There are several ways lenders could use information on value uncertainty, aside from screening out risky loans on the basis of this uncertainty, for example:
- Target marketing programs towards borrowers on homes that have less uncertainty behind the value estimate.
- Make larger loans and accept higher LTVs when the value certainty is higher, subject to regulatory constraints.
- Charge higher interest rates on loans that have less certainty on the LTV, what we call “risk based pricing.”
- Adjust maximum loans to reflect the degree of certainty required.
Third party insurance companies could also, based on value uncertainty, generate price downside risk protection products for home-owners and lenders as well as mortgage insurance companies. The key to enabling innovation in the market is first to make such information available. It could be provided by running AVMs in parallel as one alternative that accompanies traditional appraisals. Alternatively, appraisers could report standard deviations and uncertainty behind their valuations as one additional piece of information that lenders could use to assess risk.
An appraiser’s dream world would be three virtually identical properties to a subject, all selling yesterday, for an assignment to generate a value today. No adjustments would be required and the uncertainty behind the value conclusion would be nil. Alternatively, if perfect adjustments were possible on all the factors considered important by the market, an appraiser would still get three or more very similar adjusted sales prices from which to derive value. That would be the second best scenario for an appraiser. These worlds do not exist and yet, for all of history, we have relied on traditional estimates of value as if this single point were highly probable. In some markets, it is possible and in others, it is not, but we have no information about such uncertainty. In some markets, there are not enough recent sales. In other markets, the properties are all too unique and customized making comparison and property characteristics adjustments difficult.

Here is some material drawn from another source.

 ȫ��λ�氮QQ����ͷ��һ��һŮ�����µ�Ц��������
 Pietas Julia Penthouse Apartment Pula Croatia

For the first time, we provide here some evidence that value estimates from traditional appraisals may have a great deal of uncertainty behind them. Such information could be used for strategic lending and or better risk management by buyers of mortgages or portfolio lenders. It may require new regulation to force disclosure of valuation uncertainty and some training of appraisers, but the process suggested here is not technically difficult, nor is it that much extra work for appraisers.
When appraisers recognize that such information is being utilized or disclosed, it is very likely that the standard deviations of the appraisal’s adjusted comparables will decline. This is because it is fairly easy to re-think prior adjustments and reconcile them towards a tighter range of value indicators using the large range of subjective adjustments available to appraisers. Still, greater disclosure behind value estimates would enhance and improve the working of the mortgage markets for buyers, lenders and investors and perhaps mitigate the extent of the next housing bubble burst.
 See Working Paper No. 17-23, Appraising Home Purchase Appraisals, by Paul S. Calem, Laurie Lambie-Hanson, and Leonard Nakamura, July, 2017.
 See “Contract Price Confirmation Bias: Evidence from Repeat Appraisals” by Michael Eriksen, Hamilton Fout, Mark Palim and Eric Rosenblatt, July, 2016. Eriksen is at the University of Cincinnati while the other authors are with Fannie Mae.
 Such re-tweaking might also improve the quality of appraisals.